Tuesday, August 31, 2010

BBQ fundraiser at the Overflow!

I think the following video footage tells the story completely!
We had such a great time, raised money and ate our sausage quota for the next 11 years.

Monday, August 30, 2010

QCWA Rocks!!!

It was my absolute pleasure to be invited to speak at this years regional QCWA conference at Kurramine Beach (about 40 mins from where I live). There were ladies there from Mackay out to Sarina and up to the Cape!

The local divisions of the QCWA have been wonderful supporter of Backpacks 4 Aussie kids since I started the project last year. The ladies have made blankets, teddies, dolls, cushions and all sorts of other things for us to include in the backpacks and nappy bags.

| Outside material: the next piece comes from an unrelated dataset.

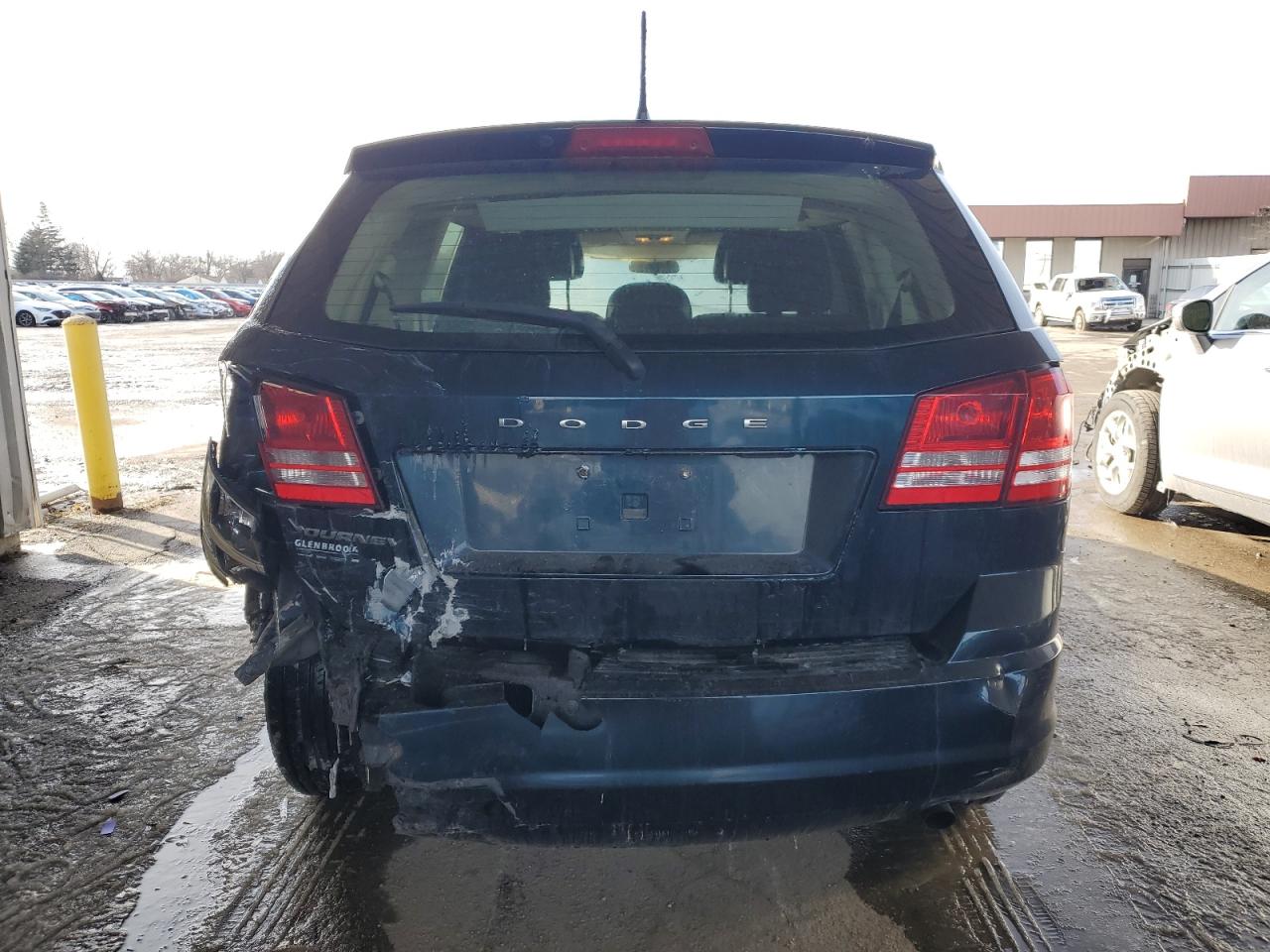 2014 Dodge Journey VIN 3C4PDCAB4ET262988 Copart auction photo, rear end / damage history damage thumbnail 6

What can I say about these women? Well, let's see . . . for a start, not one of them was over 25 (mentally!), they were all passionate about being members of their divisions and helping their communities, yet realised that we are all part of a bigger community - from town, to state to country!

This group of highly motivated women of all ages and walks of life really know how to come together and support each other and the more needy people in their areas.

The meeting this year covered everything from proper protocols to follow at meetings, to a self esteem workshop and a Tai Chi training session.

A beautiful woman called Terri was waiting to greet me as I pulled into a car park. The very first time we met I discovered that she was the daughter of my 'Brown Owl' from when I was a littley in the Brownies!

Terri has always made me feel so welcomed to the meetings, as have all the ladies. I feel no age difference, except I think that some of these women have more energy than me!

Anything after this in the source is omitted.